La parole « Effata ! Ouvre-toi », que le Christ prononce sur le sourd-muet en touchant ses oreilles et sa langue est une parole efficace qui concerne chacun d’entre nous. Il s’agit d’un ordre et d’un programme de vie.

*Ouvre-toi, toi qui t’enfermes dans la solitude et qui portes toute souffrance comme une rancœur.

*Ouvre-toi, toi qui es clos sur ton passé et qui traînes à longueur de vie le fardeau de tes souvenirs.

*Ouvre-toi, toi qui attends toujours d’être aimé pour te mettre en route vers l’autre.

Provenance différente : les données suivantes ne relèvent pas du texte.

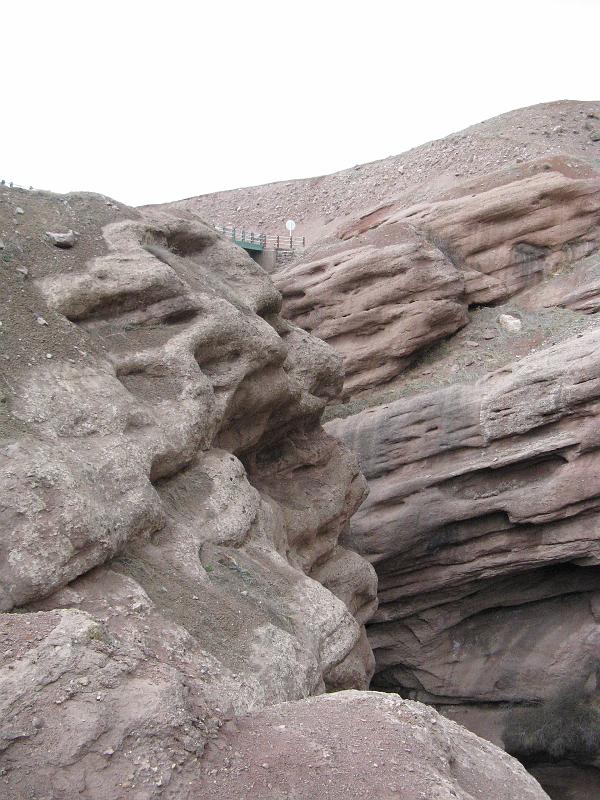 IMG_0836.JPG - Pont per arribar a Alamut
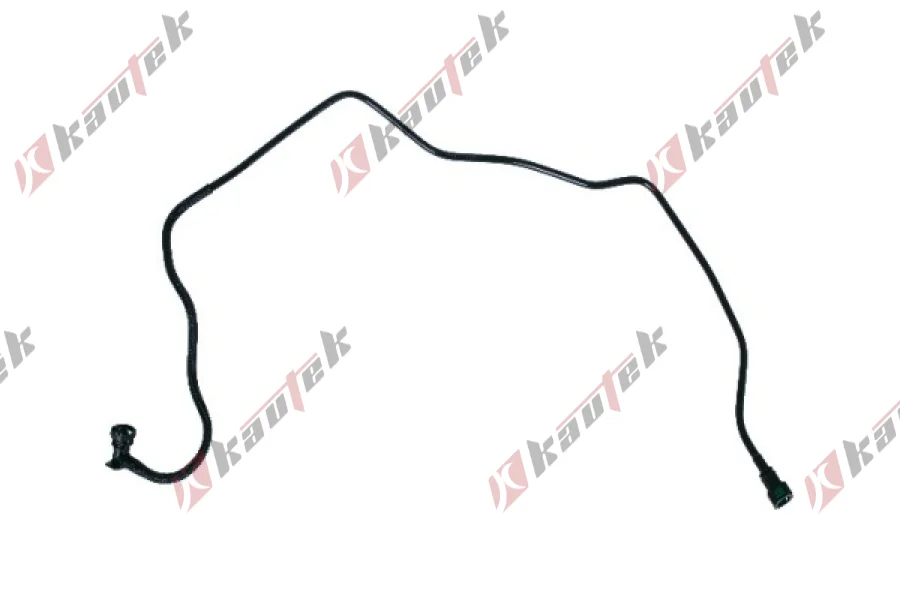 FUEL HOSE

*Ouvre-toi à cet homme, à cette femme, à cet ami(e), qui est encore plus seul(e) que toi, plus muet(te), et qui ne veut plus rien entendre parce que tu l’as trop souvent déçu (e).

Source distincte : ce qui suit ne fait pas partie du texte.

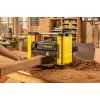Protahovačka 1800W Stanley STP18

*Ouvre-toi, toi qui enfermé dans tes soucis personnels et dans tes relations habituelles.

*Ouvre-toi à la nouveauté que Jésus te propose.

*Ouvre-toi surtout à la Parole de ton Dieu, qui vient te donner la force et la liberté, et qui agrandit chaque jour, si tu le veux, l’espace de ton espérance.

Puisse cette célébration eucharistique, faite en mémoire du Christ, être à la fois la source et l’expression de notre ouverture à lui comme à l’égard de nos frères et sœurs.

Amen.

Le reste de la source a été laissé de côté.